Shop serves as community’s conduit to book world, writers
by Lynn Lofton
Published: August 8,2005
Tupelo — The Reed family name is synonymous with quality retailing and community service. It’s something they’ve been doing for 100 years at their downtown department store. In 1985 they added a bookstore to the merchandising mix when Reed’s Gum Tree Bookstore came into being.
“We thought it would be a nice complement to our gift shop and to our flagship store and the downtown area,” says Jack Reed Jr. “Our family loves books, and several of us were English majors.”
The name was chosen to honor the native gum trees that dot the area and the Natchez Trace. Reed says it’s a way to tie in with the local area and the annual Gum Tree Festival.

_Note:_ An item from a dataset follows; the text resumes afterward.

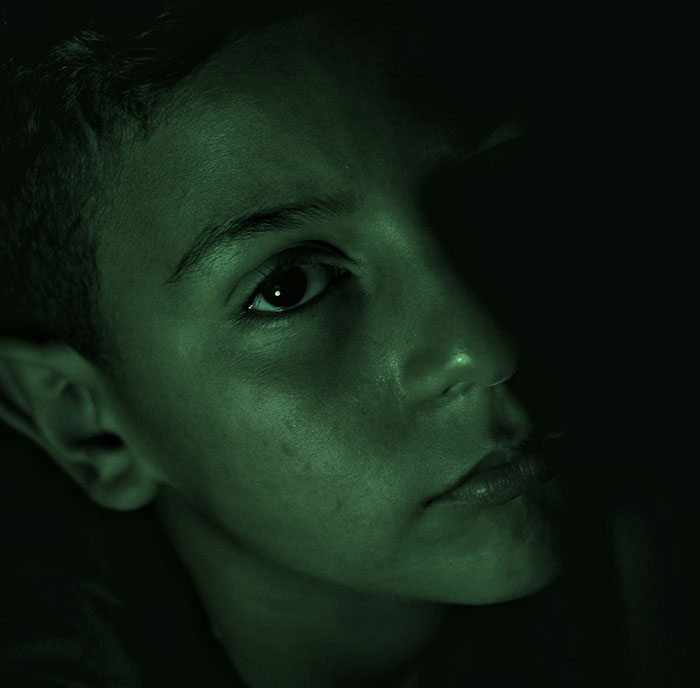 Primer plano de un niño en sombra, transmitiendo la experiencia de crecer con un psicópata en un ambiente oscuro y tenso.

The gift shop and bookstore share a big half-moon service desk with the gift shop on the right and bookstore on the left. Fifteen people work in the two areas, but each shop has its own identity. In addition to books, the bookstore does a big business in stationery and invitations. Reed says the gift shop is one of the nicest in Mississippi. It’s one of the 10 largest dealers in the South of the Italian ceramics line, Vietre, and is a large Gail Pittman pottery outlet.
Book browsers can also have lunch from what Reed describes as “a hybrid deli” set up with four tables in the bookstore’s foyer. A local shop provides sandwiches and salads that are kept with soft drinks in a cooler.
The main attraction
But make no mistake, books are the main attraction at this independent bookstore and book signings are an important part of the agenda. Bookstore manager Camille Sloan explains that Reed’s is one of the five bookstores that first sold the works of John Grisham.
“That was when he came in with his books in the trunk of his car,” she said. “He is still loyal to us and the other four and is the most popular author that we have for signings. He remembers us.”
Reed points out that the bookstore has a mantra of “where readers and writers meet” and they try to live up to it. Book signings are held most every week and drive the business.
Another Mississippi writer, the late Willie Morris, was a frequent visitor who was popular with customers too. Recent visiting Southern writers include Greg Isles and Rick Bragg, who drew big crowds.
“We try to be open to everyone and give people in the community opportunities to get their works out to the public,” Sloan said. “We’ve had a local church signing copies of their cookbook and two teachers who wrote and illustrated a children’s book.”
Reed says it’s part of their community service to give first-time authors a time to sign books, too. “We try to accept all offers,” he said. “It depends on how much editing we do. We also go to the Southern Booksellers conferences and line up authors for signings.”
A few of the specialties
Southern writers and children’s books are the specialties among the 3,000 book titles carried at Reed’s Gum Tree Bookstore. They don’t carry a lot of mass paperbacks. “We have very diverse readers and try to offer things that are good literature but may not be getting the marketing attention of publishers,” Sloan said. “We also depend on customers to tell us what they want.”
The store has a large children’s section and provides a story-telling time on Saturdays.
“We’ve found our niche even though we have more competition than anywhere other than the Jackson area,” Reed said. “The store has been well received. You don’t own an independent bookstore for the money, and I’m sure my fellow booksellers will tell you that, too.”
Sloan says the bookstore tries to be very service oriented by quickly getting special-ordered books, providing free gift wrapping and offering nationwide gift certificates and copies of Book Sense. A reading club meets in the store at night, too.
“We can’t compete with Books-A-Million on price but we can on other things,” Reed said. “We try to find whatever it takes to keep our customers satisfied. Our key is family tradition and service. The community looks to us to be their conduit to the book world.”
A part of that community service was marking the department store’s 100th anniversary with an evening with Grisham at the public library last January. Seven hundred people attended the televised event that ran on the local station.
“The library could not afford to do that,” he said, “and we felt it was being a partner with the community to sponsor it.”
This bookseller is an eclectic reader and keeps a list of the books he reads every year. He most recently finished “A Long Way Down,” a macabre humor book by Nick Hornby. He also likes biographies and books on leadership.